世の中には真逆なことがままあるが、これもそのひとつだ。国会ではたびたび薬科大学の入学定員割れが問題視され、薬学部の定員を減らすべきだという声が上がっているが、沖縄県では逆に慢性的な薬剤師不足が叫ばれ、薬学部新設を求める声が高まっている。
少々、古いデータだが、厚生労働省が公表した18年の統計では人口10万人あたりの薬剤師数は全国平均が190.1人なのに対して沖縄県ではその7割の139.4人に過ぎない。むろん、全国最下位。いや、その2年前の16年には全国平均が181.3人なのに沖縄は134.7人で、年々、格差が広がっているのである。
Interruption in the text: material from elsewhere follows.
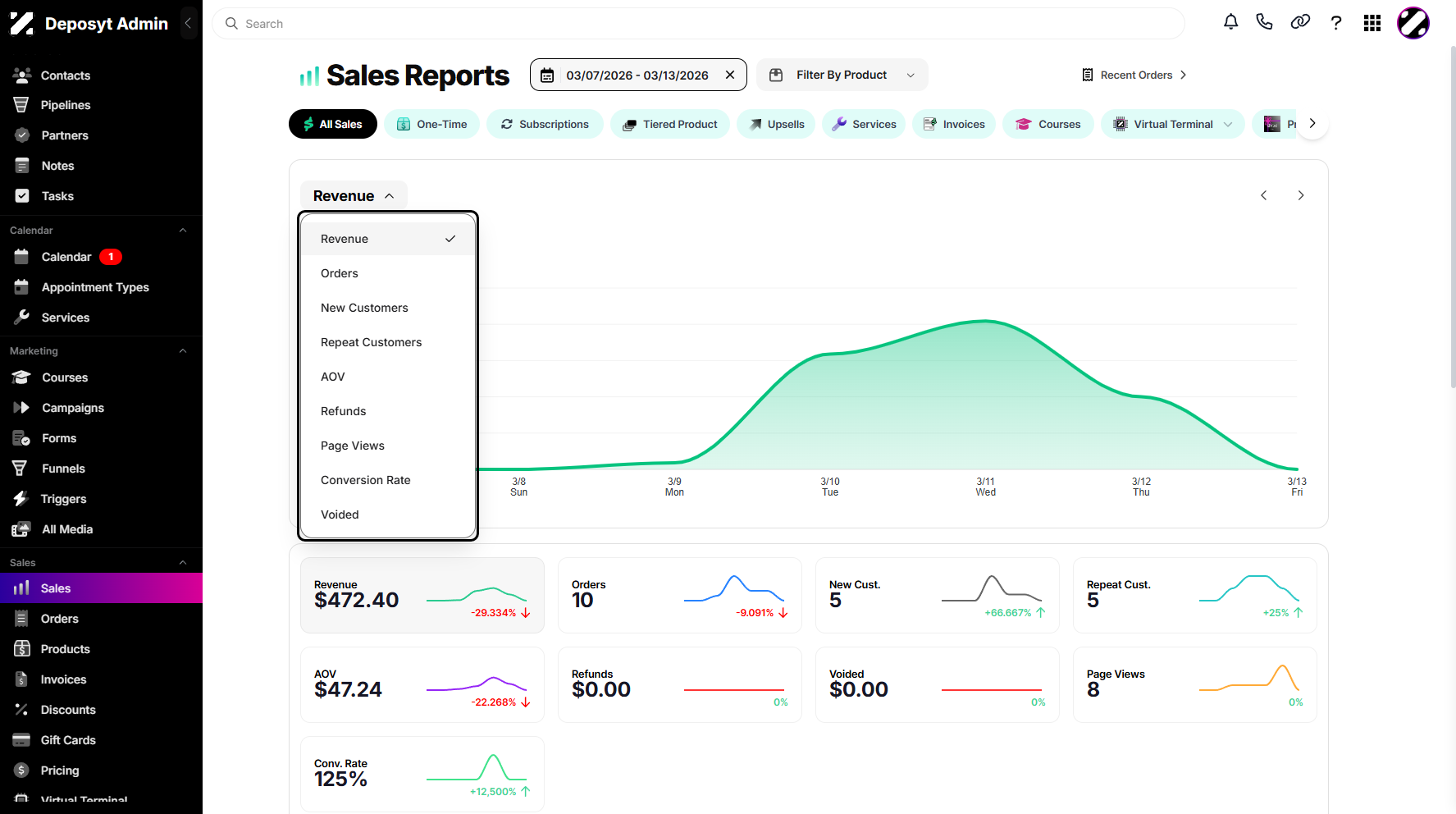 Step 4: A pop-up window will appear where you can choose a data to update the line graph.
この慢性的な薬剤師不足を解消するには最早、国公立大学に薬学部を設置してもらう以外に方法はない、というのが沖縄県民の悲願なのだ。実際、沖縄県薬剤師会が医師会、歯科医師会、看護師協会の協力を得て5万人を目標にした薬学部設置の署名を集めたら、たちどころに10万人を超える署名が集まったほどなのである。
何しろ、離島の多い沖縄県では、薬剤師はゼロという離島が数多く存在しているのだ。県は協議会を設置し、国公立大学の薬学部新設を模索している。